Betsy DeVos is the face of corporate reform, displaying in stark, unlovely form the processes that have been eating away at public education since the beginning of this century.
By Gayle Greene
In this post-truth age that’s done away with facts, George Orwell’s 1984 has soared to the top of the charts. But in the world of public education, it’s been 1984 for quite some time. And we didn’t even need the clumsy apparatus of a totalitarian dictatorship to bring it about. All we needed was some slick PR and smiley corporate faces and a media ready to spit back the buzzwords they’d been fed – failing public schools, no excuses, accountability, choice, access for every child, closing the achievement gap – repeating them so often that they passed for truth.
In Orwell’s dystopia, WAR IS PEACE, FREEDOM IS SLAVERY, IGNORANCE IS STRENGTH. The Ministry of Truth spawns lies and propaganda, the Ministry of Love supervises torture and brainwashing, and the Ministry of Peace promulgates war and atrocity. Turn the words on their heads, and you get a glimmer of the truth. And the Ministry of Education? There is no Ministry of Education. So now we have a Secretary of Education who’s a dedicated enemy of public education. Betsy DeVos has, for the past decade, has used her fortune to privatize education in her home state, Michigan, where 80% of charters are for profit and beyond accountability, and student performance has plummeted.

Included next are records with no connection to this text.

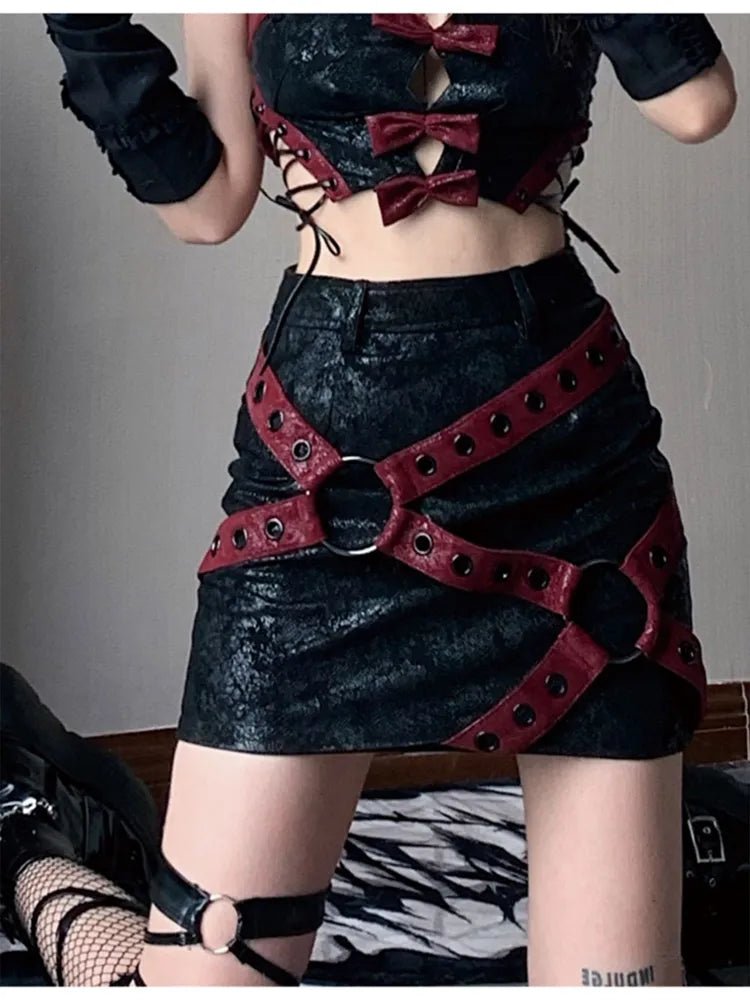 Red & Black Y2K Aesthetic PU Leather Mini Skirt for Grunge and Coquette Styles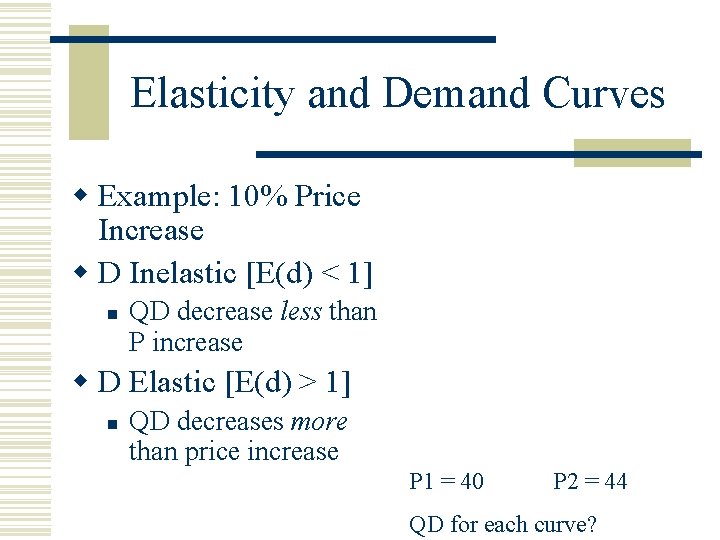 Elasticity and Demand Curves w Example: 10% Price Increase w D Inelastic [E(d) <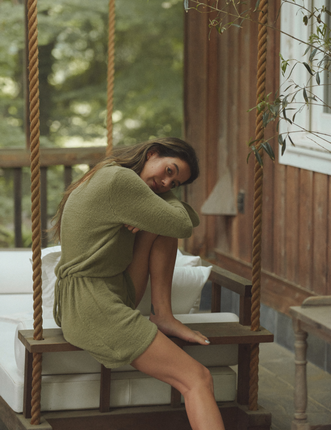 Sunlit Winery Fluffy Knit Rompers / 抹茶(matcha)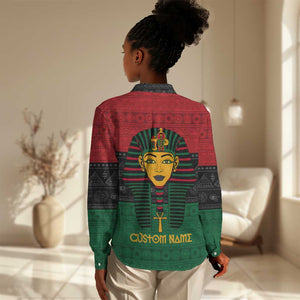 Personalized Ancient Egypt Women Casual Shirt - Pharaoh in Pan-African Colors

But DeVos should come as no surprise: she is the culmination of the way things have long been headed. No Child Left Behind, signed into law in January 2002, brought to us byGeorge W. Bush and the moneyed interests he represented, arrived in clouds of rhetoric about “access” and “civil rights.” It announced itself as “an act to close the achievement gap with accountability, choice, flexibility, so that no child is left behind.” But this was never about reform or access or leveling the playing field: it was about opening up public education as a market, siphoning off tax dollars to charters and for-profit vendors, shifting public funds from a system that had public oversight and control to private interests. Education was a rich, untapped market with billions of federal dollars there for the taking. Schools, panicked at having their survival based on standardized test scores, invested heavily in testing technology. Multinational testing corporations, publishing companies, ed-tech ventures rushed in with their wares: software for administering tests, test preps, pre-tests, post-tests, tests scoring, lesson plans, teaching modules, assessment devices; entire new industries sprang into being.

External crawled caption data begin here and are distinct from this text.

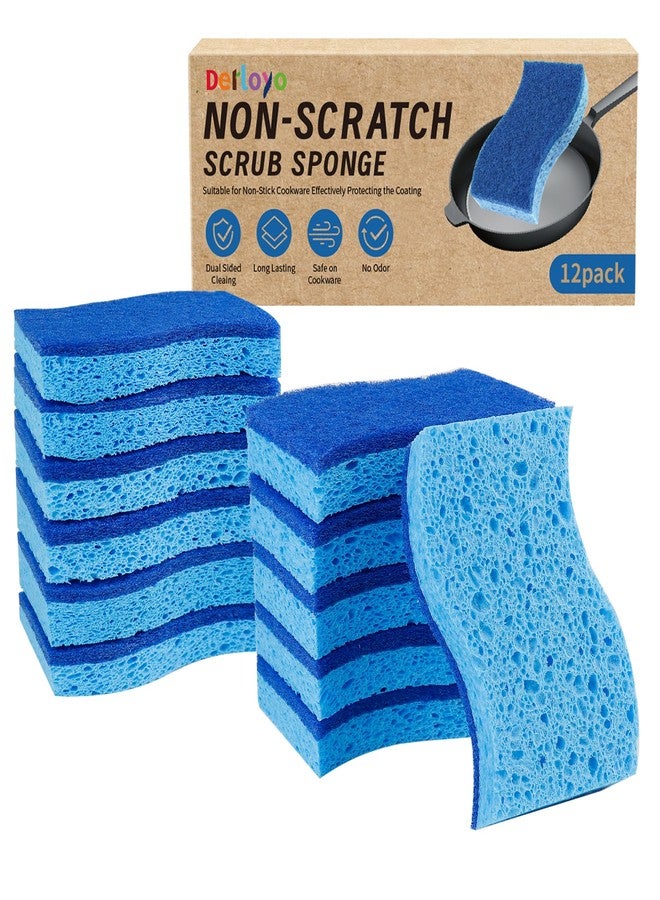 derloyo 12 Count Non-Scratch Dish Sponges Kitchen, Long Lasting Cleaning Sponges for Dishes,Dual Sided Kitchen Sponges, Cleans Fast Without Scratching, Easy to Dry and Reusable-Blue - Image 1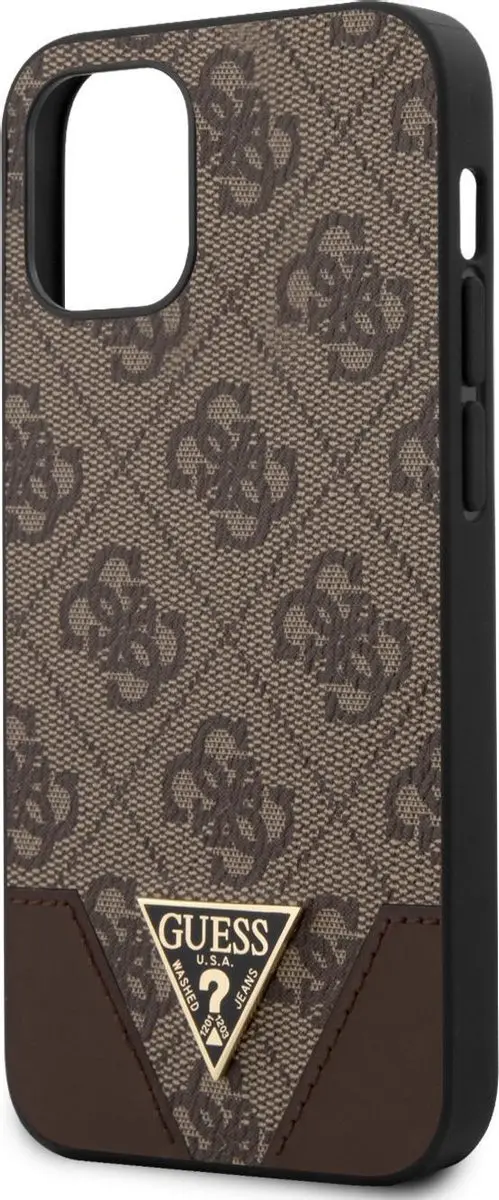 GUESS iPhone 12 Mini Hoesje - Effen Bruin Kunstleer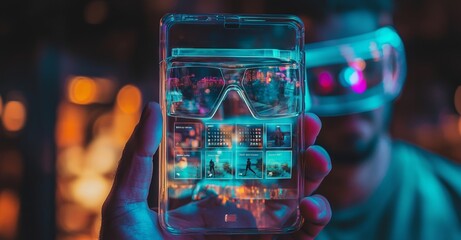Poster - a city dweller utilizes a cutting-edge transparent phone to make holographic video calls to his fami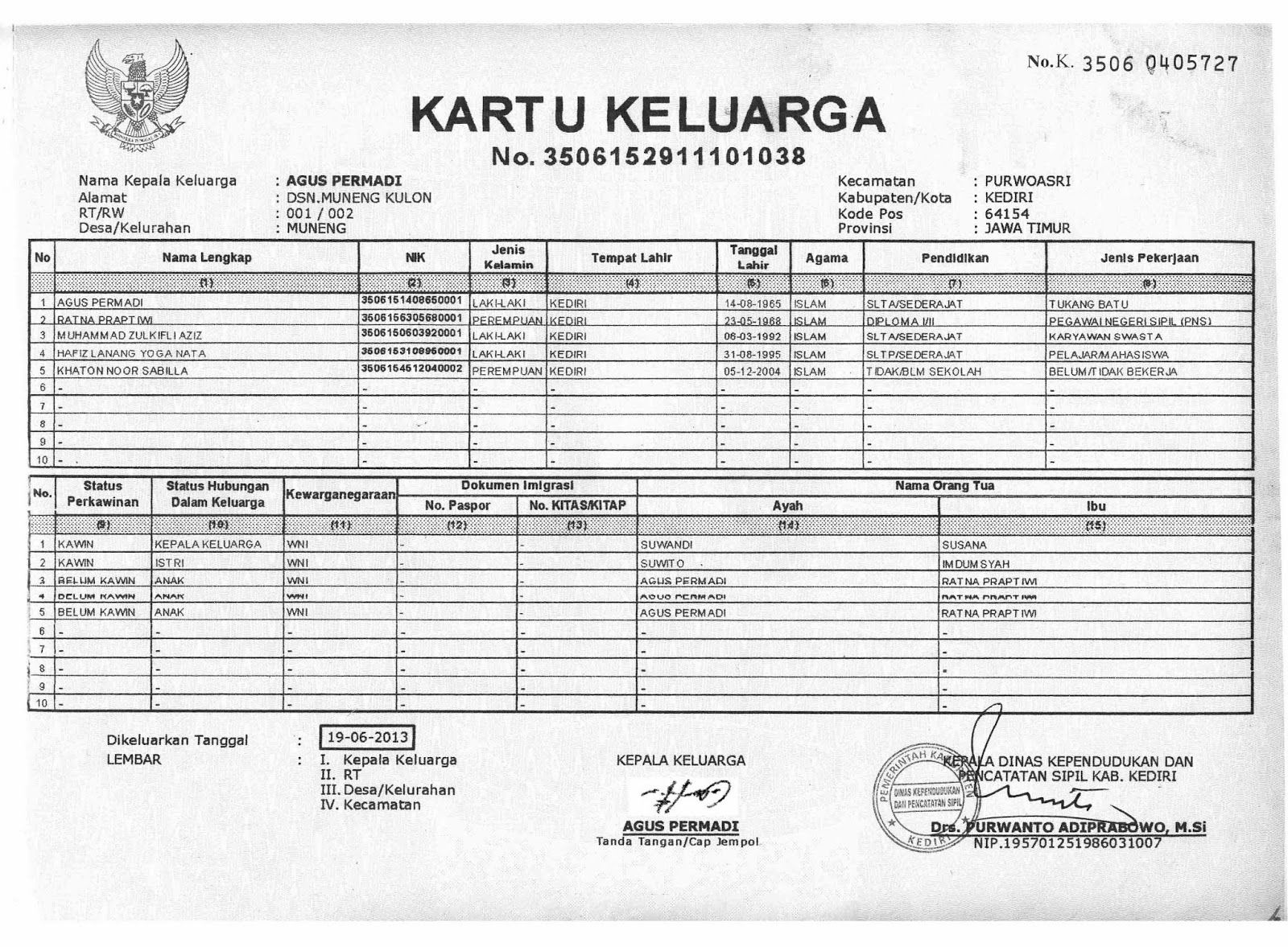 Detail Contoh Gambar Kartu Keluarga Nomer 8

Diane Ravitch, assistant Secretary of Education under GWB, was initially a proponent of NCLB, but recoiled in horror when she saw what it was doing, routing public funds into private profits, and realized this had been its purpose all along. She has told this story in The Death and Life of the Great American School System and Reign of Error; so have Noam Chomsky, Henry Giroux, and dozens of teacher bloggers exposed corporate reform. But their voices are not heard in mainstream media; most people I know are incredulous when I talk this way (even though most people I know are educators), so the story could do with some recap and update, now that DeVos’ appointment has drawn some attention. This sellout has been going on for a long while. And it has been bipartisan.
A handful of billionaires and their foundations bankrolled and orchestrated a multibillion-dollar PR campaign to convince people that public education is broken and private interests can do it better. The Big Three of educational philanthropy, as Joanne Barkan calls them, in a brilliant expose in Dissent – the Bill and Melinda Gates Foundation, the Eli and Edythe Broad Foundation, and the Walton Family Foundation (Wal-Mart) – poured billions into promoting charters, funding think tanks that produce a steady stream of papers purporting to be research that are actually propaganda, funding advocacy groups that purport to be grassroots but are actually corporate-sponsored, subsidizing writers and bloggers who push privatization. They have paid for “their own media outlets, and heavily subsidize others,” as Barkan shows, funding films like Waiting for Superman and Won’t Back Down, suckering in so powerful a proponent as Oprah.